Recently, in a Berkeley lab, a robot called Cassie taught itself to walk, a little like a toddler might. Through trial and error, it learned to move in a simulated world. Then its handlers sent it strolling through a minefield of real-world tests to see how it’d fare.
And, as it turns out, it fared pretty damn well. With no further fine-tuning, the robot—which is basically just a pair of legs—was able to walk in all directions, squat down while walking, right itself when pushed off balance, and adjust to different kinds of surfaces.
It’s the first time a machine learning approach known as reinforcement learning has been so successfully applied in two-legged robots.
This likely isn’t the first robot video you’ve seen, nor the most polished.
For years, the internet has been enthralled by videos of robots doing far more than walking and regaining their balance. All that is table stakes these days. Boston Dynamics, the heavyweight champ of robot videos, regularly releases mind-blowing footage of robots doing parkour, back flips, and complex dance routines. At times, it can seem the world of iRobot is just around the corner.
This sense of awe is well-earned. Boston Dynamics is one of the world’s top makers of advanced robots.
But they still have to meticulously hand program and choreograph the movements of the robots in their videos. This is a powerful approach, and the Boston Dynamics team has done incredible things with it.
In real-world situations, however, robots need to be robust and resilient. They need to regularly deal with the unexpected, and no amount of choreography will do. Which is how, it’s hoped, machine learning can help.

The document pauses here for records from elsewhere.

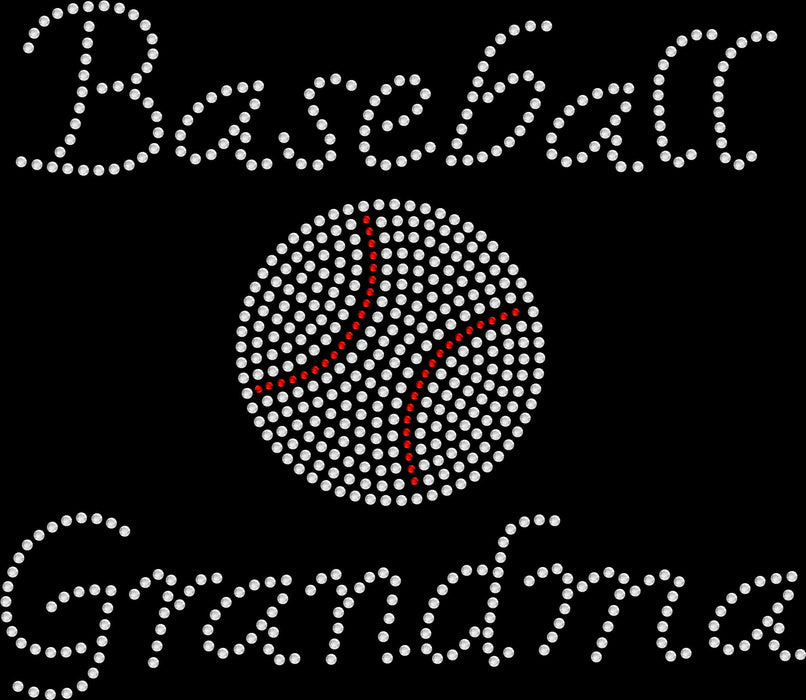 Rhinestone Bling Choose your Style Baseball Grandma Ball Sparkle Sports Family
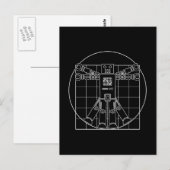 Da Vinci Vitruvian Robot Briefkaart (Voorkant / Achterkant)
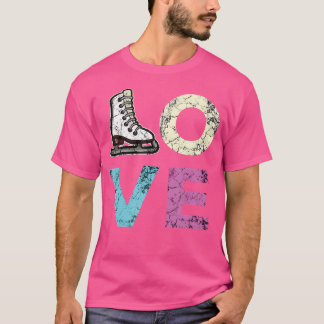 T-shirt Amour du patinage artistique pour les filles de pa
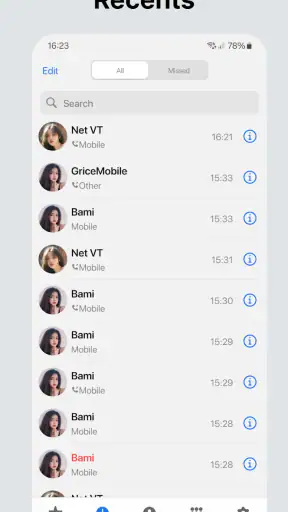 फ़ोन - डायलर और कॉल स्क्रीन screenshot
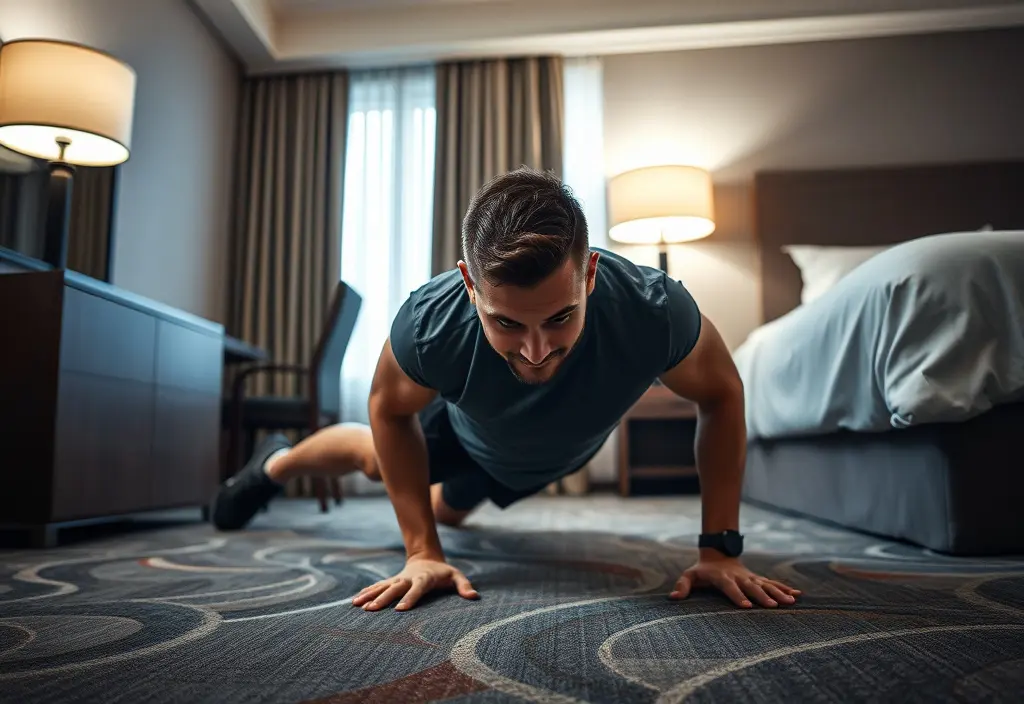 Hotel workout: allenamento in camera senza attrezzi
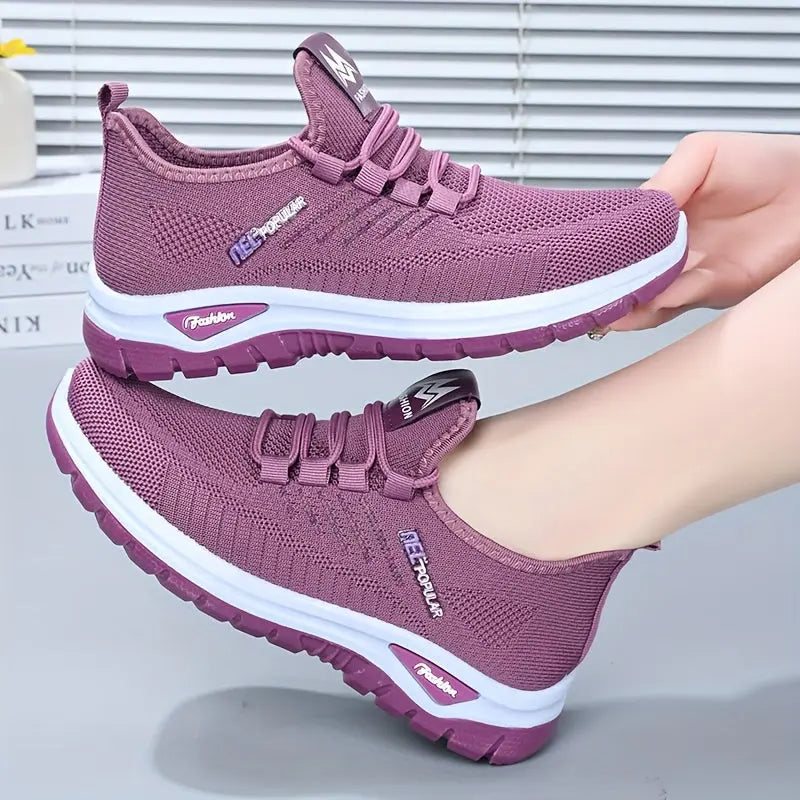 Women's Lightweight Breathable Slip-On Casual Sneakers, Soft Sole Walking Shoes MyFave Boutique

Reinforcement learning has been most famously exploited by Alphabet’s DeepMind to train algorithms that thrash humans at some the most difficult games. Simplistically, it’s modeled on the way we learn. Touch the stove, get burned, don’t touch the damn thing again; say please, get a jelly bean, politely ask for another.
In Cassie’s case, the Berkeley team used reinforcement learning to train an algorithm to walk in a simulation. It’s not the first AI to learn to walk in this manner. But going from simulation to the real world doesn’t always translate.
Subtle differences between the two can (literally) trip up a fledgling robot as it tries out its sim skills for the first time.
To overcome this challenge, the researchers used two simulations instead of one. The first simulation, an open source training environment called MuJoCo, was where the algorithm drew upon a large library of possible movements and, through trial and error, learned to apply them. The second simulation, called Matlab SimMechanics, served as a low-stakes testing ground that more precisely matched real-world conditions.
Once the algorithm was good enough, it graduated to Cassie.
And amazingly, it didn’t need further polishing. Said another way, when it was born into the physical world—it knew how to walk just fine. In addition, it was also quite robust. The researchers write that two motors in Cassie’s knee malfunctioned during the experiment, but the robot was able to adjust and keep on trucking.
Other labs have been hard at work applying machine learning to robotics.
Last year Google used reinforcement learning to train a (simpler) four-legged robot. And OpenAI has used it with robotic arms. Boston Dynamics, too, will likely explore ways to augment their robots with machine learning. New approaches—like this one aimed at training multi-skilled robots or this one offering continuous learning beyond training—may also move the dial. It’s early yet, however, and there’s no telling when machine learning will exceed more traditional methods.
And in the meantime, Boston Dynamics bots are testing the commercial waters.
Still, robotics researchers, who were not part of the Berkeley team, think the approach is promising. Edward Johns, head of Imperial College London’s Robot Learning Lab, told MIT Technology Review, “This is one of the most successful examples I have seen.”
The Berkeley team hopes to build on that success by trying out “more dynamic and agile behaviors.” So, might a self-taught parkour-Cassie be headed our way? We’ll see.